At the Guardian, Again

The Guardian Comment Is Free site published another one of my little essays. I wrote and submitted this in February, as I remember, and I’d thought the editors had forgotten it. Now that I’ve re-read it, I don’t think I like it very much. The comments are pretty nasty; I stopped reading them.

10 thoughts on “At the Guardian, Again

  1. “The comments are pretty nasty”

    I would say some more critical than nasty. As interesting as any essay on religion could be (for me a non-believer). The only religious talk that ever made any sense to me was: “The Tao is silent”!

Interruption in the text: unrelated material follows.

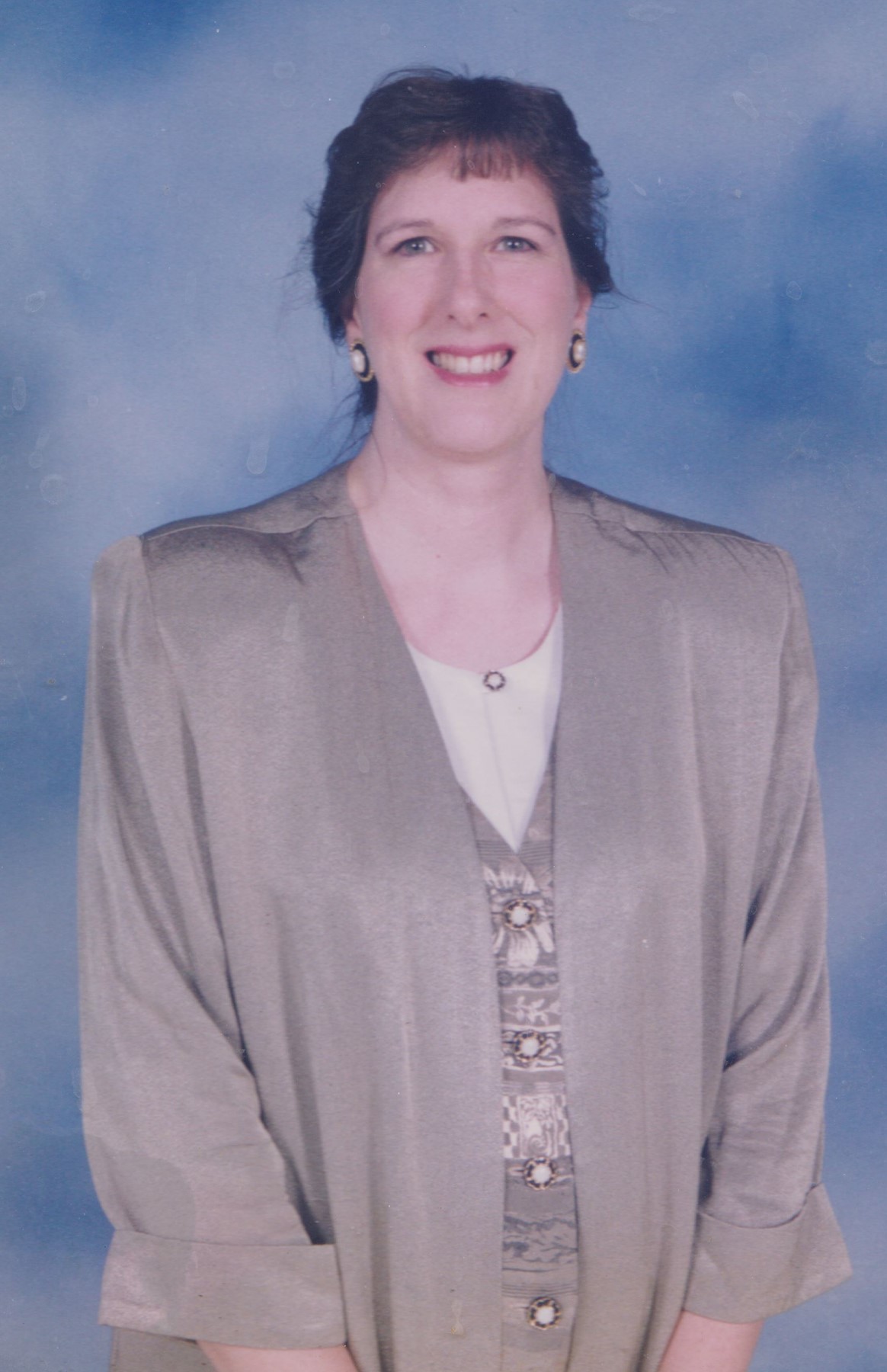 Obituary of Karen K Hean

  2. I read your article, but the comments wouldn’t load. The divide between philosophy and religion is like the divide between logic and faith, to me. I got in trouble over it at age 12 or so, which led me to decide logic ruled. All I did was say that going to church to avoid going to hell was a negative reason to be a Christian, and that if the ideas were worth anything, they were worth it on their own, without sticks or carrots. I guess idealism is a hard sell.

  3. The article speaks for me as it articulates the middle way without offense to the two ends of the continuum. The comments seem typical limey to me–they just are what they are. I still think the light is more important than the lamp given there are so many lamps of different shapes and sizes. Thanks for posting the link.

  4. [T]he Tao can be pretty damn noisy sometimes, too. It has its moods.

    I love this. Can I put it in my .sig quote?

    What don’t you like about your Guardian piece?


  5. Dave — sig line usage approved.

    I suppose the piece is OK. There are some things I think I could have written more clearly. Maybe next time.

  6. I rather liked it, actually. And while some of the comments were nasty (impossible to avoid on the ‘net, anyway), several of the commenters got into a fairly serious discussion of the merits of their various positions on the subject. If you can make ’em think a bit and discuss their thoughts, that’s not bad. You regularly make me think a bit as well, about both politics and religion. Thank you for that.

  7. I thought it was a good piece. The comments only seemed nasty in the sense that the commenters weren’t hearing what you were saying. They seemed too focused on finding fault in what you were saying that they couldn’t hear what you were saying.

    For me, I see the whole Christian bible bullshit as utter lunacy, but there are aspects to it that are true in spite of the overall nonsense that composes it.

  8. I thought the essay was okay and didn’t find the comments overly critical. Of course there are always those people who do not have an open mind and will say anything is BS if they don’t believe in it.

    Although Taoism and Buddhism are both practiced in China and there are similarities, they are separate schools of thought and/or practice. Lao Tzu said “The name that can be named is not the enduring and unchanging name.” It is the unchanging principle behind all change so to speak of it as silent or noisy is erroneous.